- **Exercise objective**:
From the line that contains "ECOLOVI Small 3" to the final line of the records below, print each line exactly and leave every picture out.

- **Records contained in a dataset**:
========

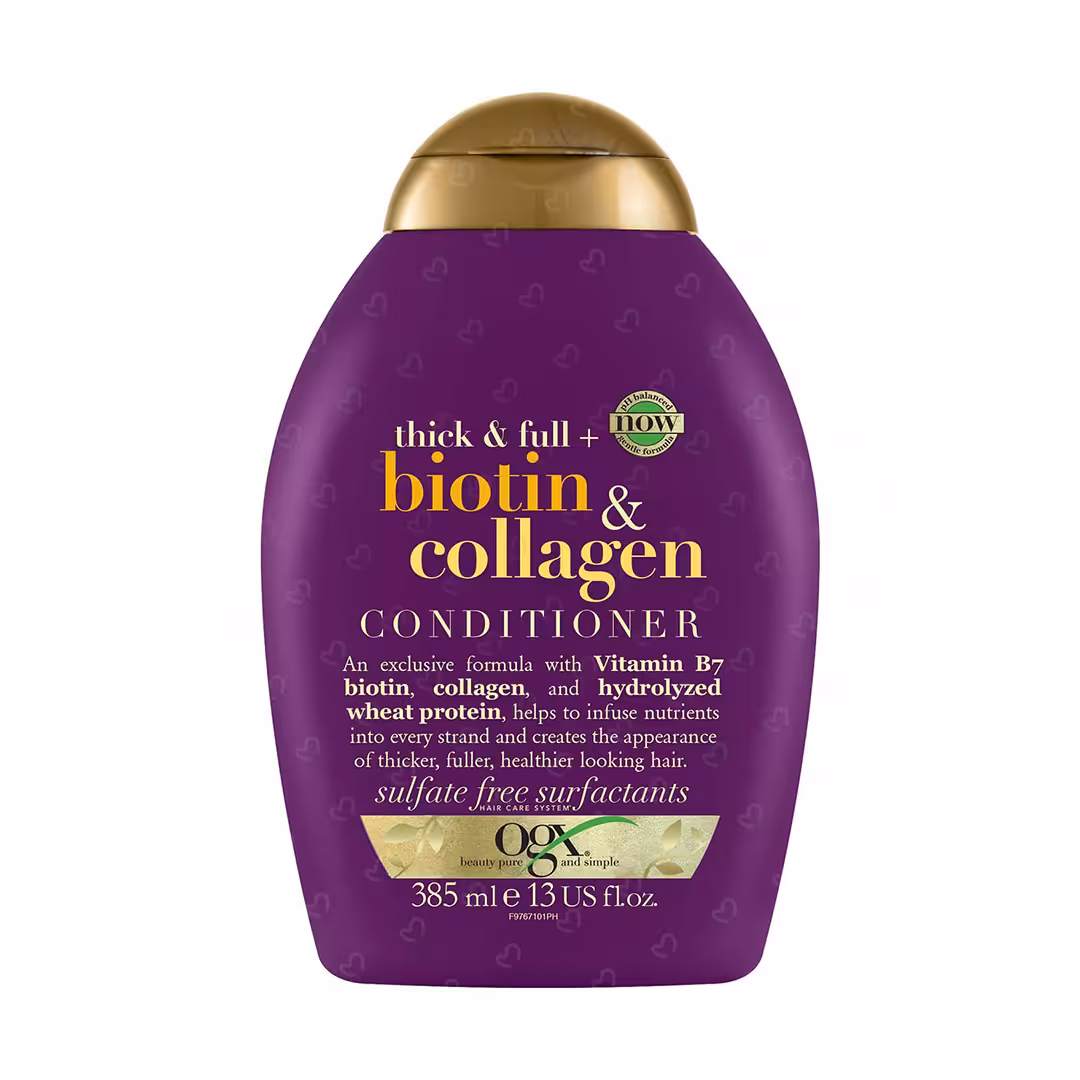 قیمت و خرید نرم کننده مو او جی ایکس مدل Biotin &amp; Collagen حجم 385 میلی لیتر ⚡ اصل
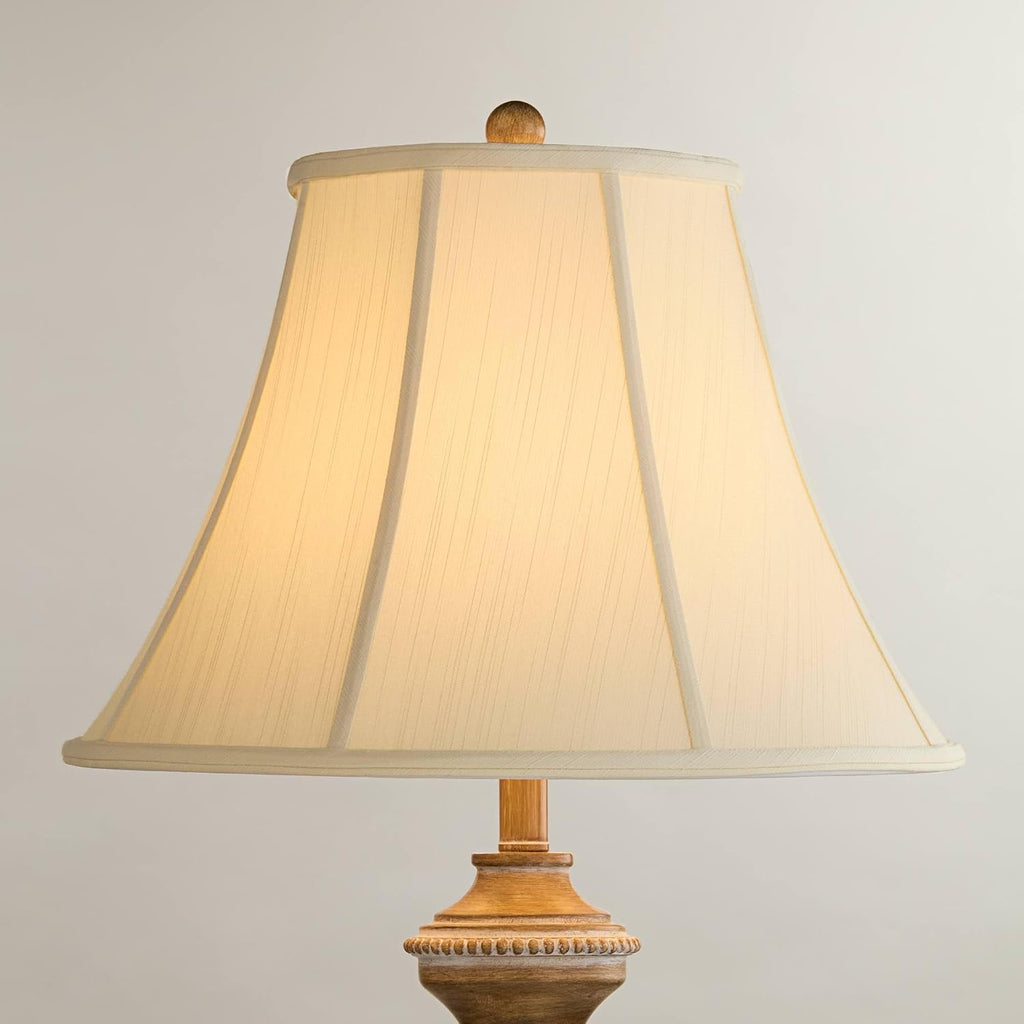 Creme Large Bell Lamp Shade 9" Top X 18" Bottom X 13" Slant X 12.5" High (Spider) Replacement With Harp And Finial - Imperial Shade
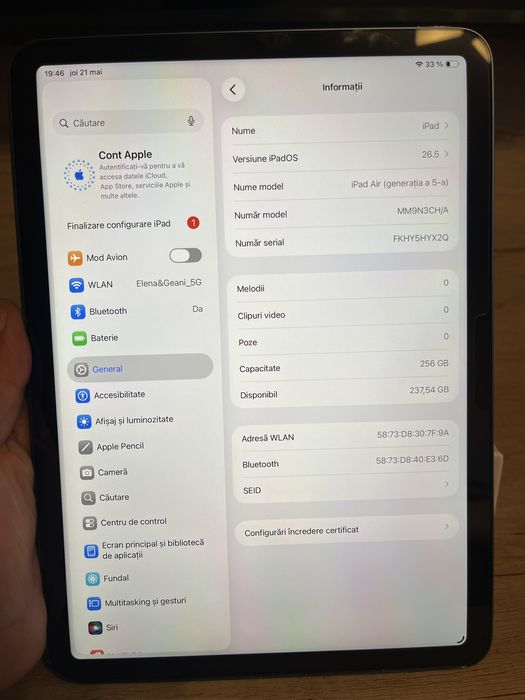 Ipad air 5 256 gb, 2022 m1 a2588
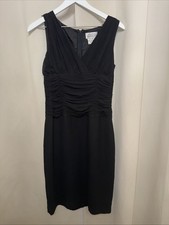 Adrianna Papell Black Sleeveless Ruched Sheath Dress - Size 6 - Silk Blend
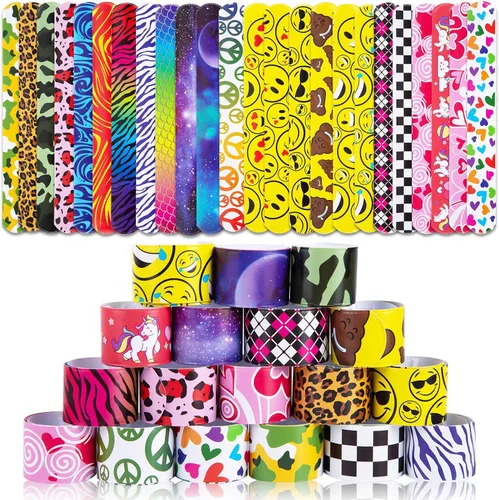 Vista 7 de LovesTown 48 pulseras blancas de palmada, pulseras a presión para fiestas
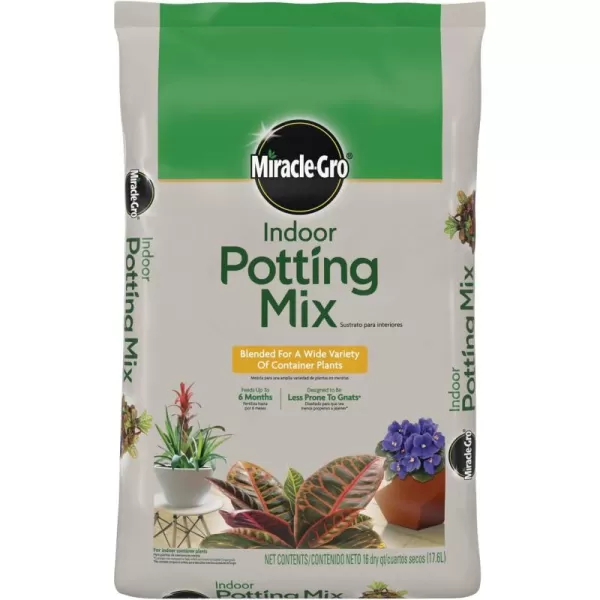 Miracle-Gro Indoor Potting Mix, Grows beautiful Houseplants, 6 qt. 
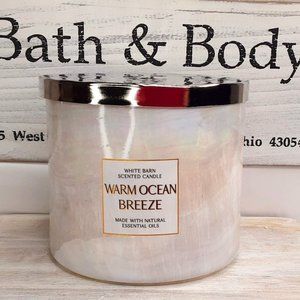 BATH & BODY WORKS 3-WICK 'WARM OCEAN BREEZE' CANDLE DECORATIVE IRIDESCENT WRAP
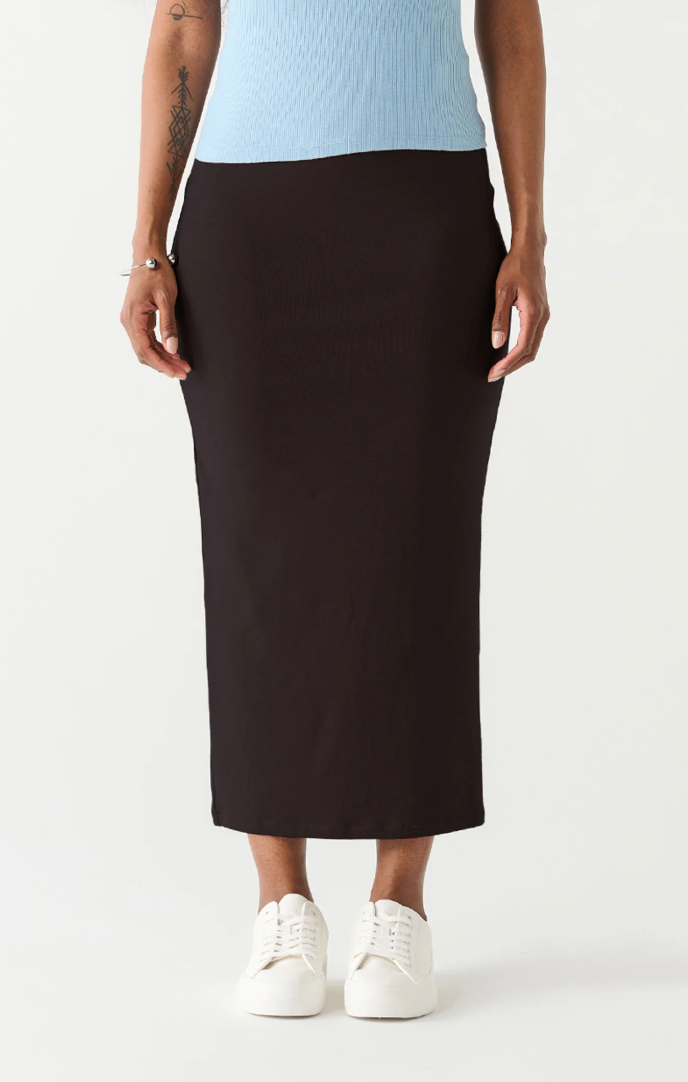 Dex Long Black Pencil Skirt | Medium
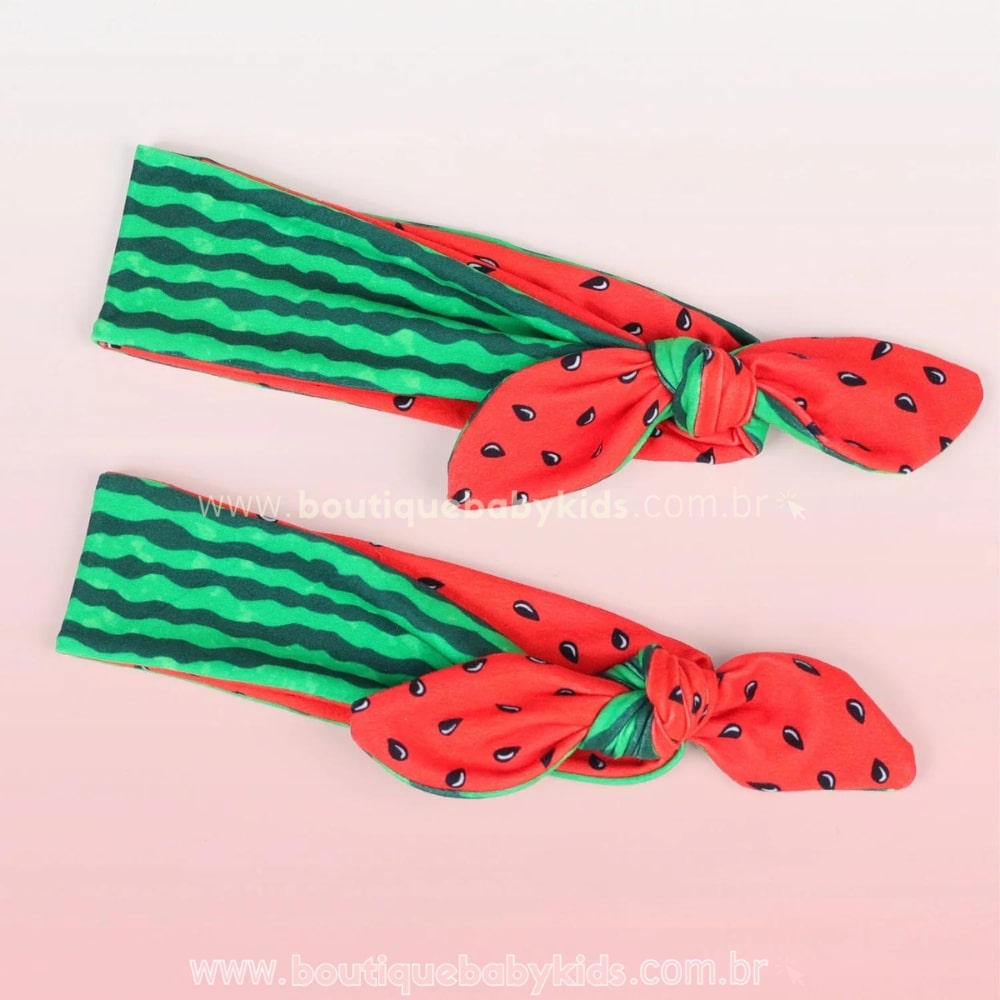 Faixa Bebê Temática Laço Melancia - Boutique Baby Kids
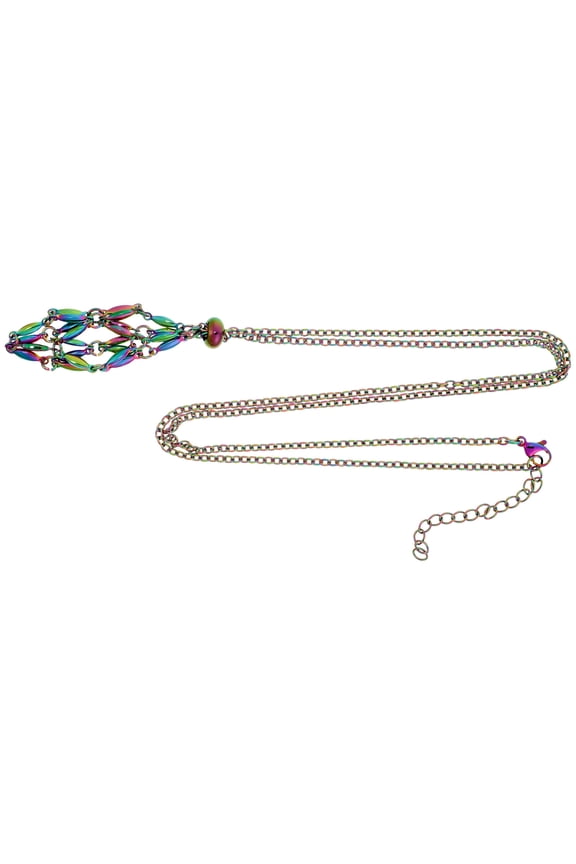 Mesh Cage Pendant Necklace with Adjustable Chain, Assorted Colors, 1 Pack for Women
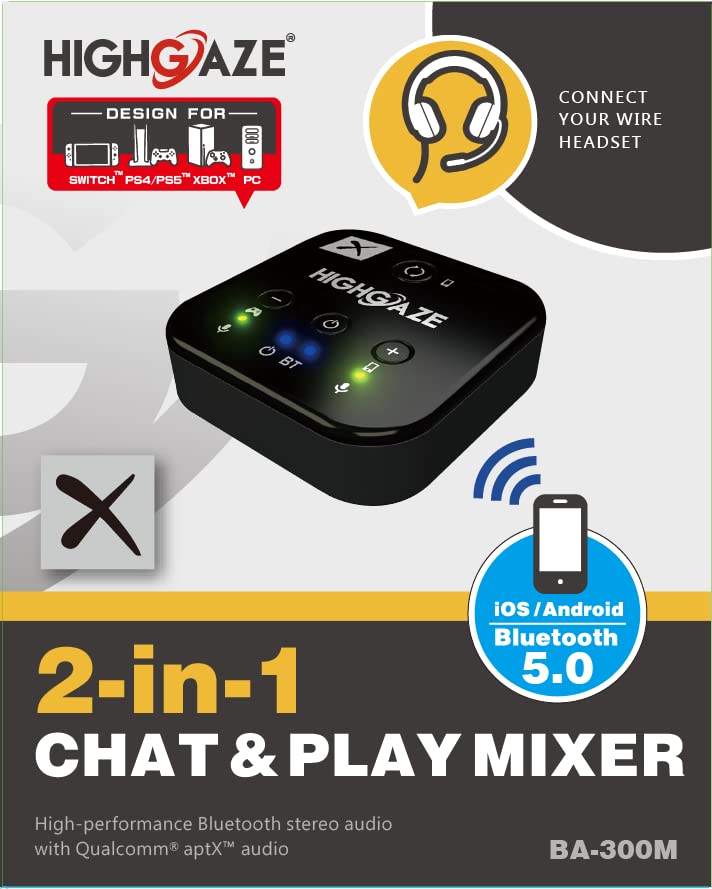 Bluetooth Chat & Play Audio Mixer Accessory for Switch 2 Game Streaming with Smartphone & PS4 PS5 or Xbox, Discord, Voice call to Headset with aptX Audio, Adjust Game Volume Balance - Image 3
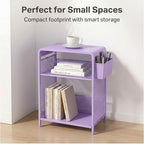ECOLOVI Small 3 Tier Printer Stand for Under Desk, Height Adjustable Shelf Printer Table with 3 S-Hooks & Basket, Heavy Duty Industrial Storage Shelf for Home Office (Purple) - Image 2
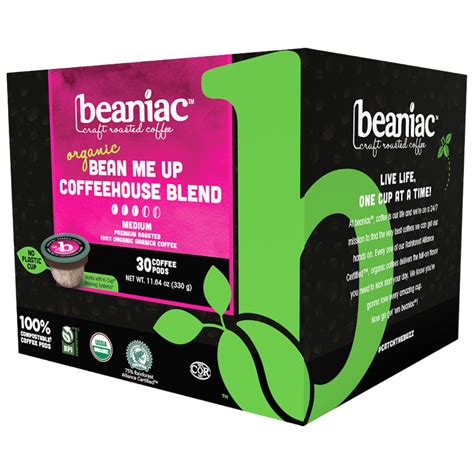 beaniac Bean Me Up Coffeehouse Blend Single Serve Pods - Club Coffee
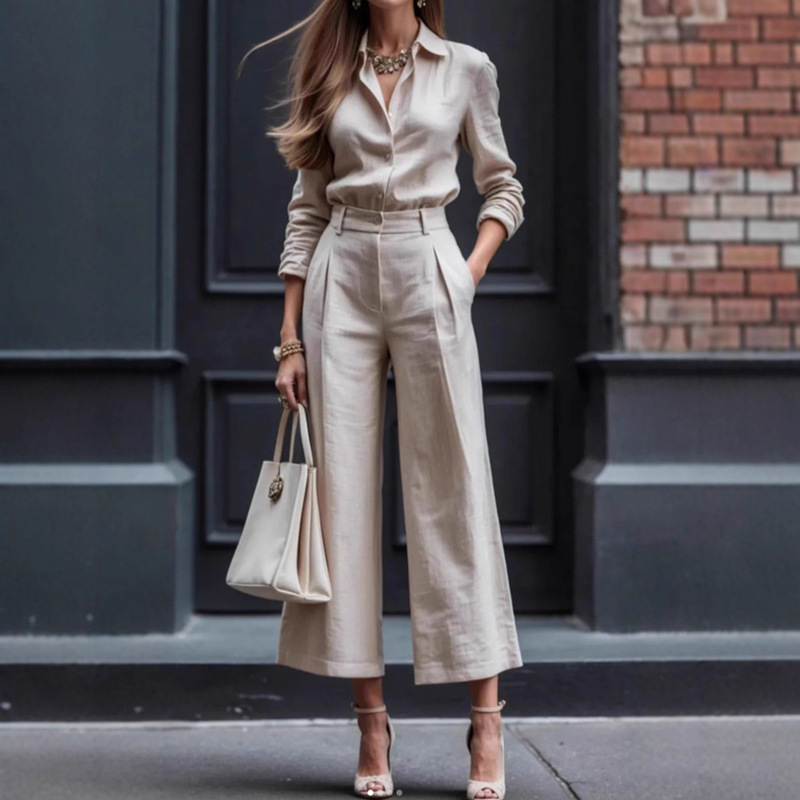 2025 European and American Cross-Border Fashion Casual Commuter Elegant Cardigan Long-Sleeved Top Loose Pants Fashion Women's Suit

========

- **Result of this exercise**:
ECOLOVI Small 3 Tier Printer Stand for Under Desk, Height Adjustable Shelf Printer Table with 3 S-Hooks & Basket, Heavy Duty Industrial Storage Shelf for Home Office (Purple) - Image 2
 beaniac Bean Me Up Coffeehouse Blend Single Serve Pods - Club Coffee
 2025 European and American Cross-Border Fashion Casual Commuter Elegant Cardigan Long-Sleeved Top Loose Pants Fashion Women's Suit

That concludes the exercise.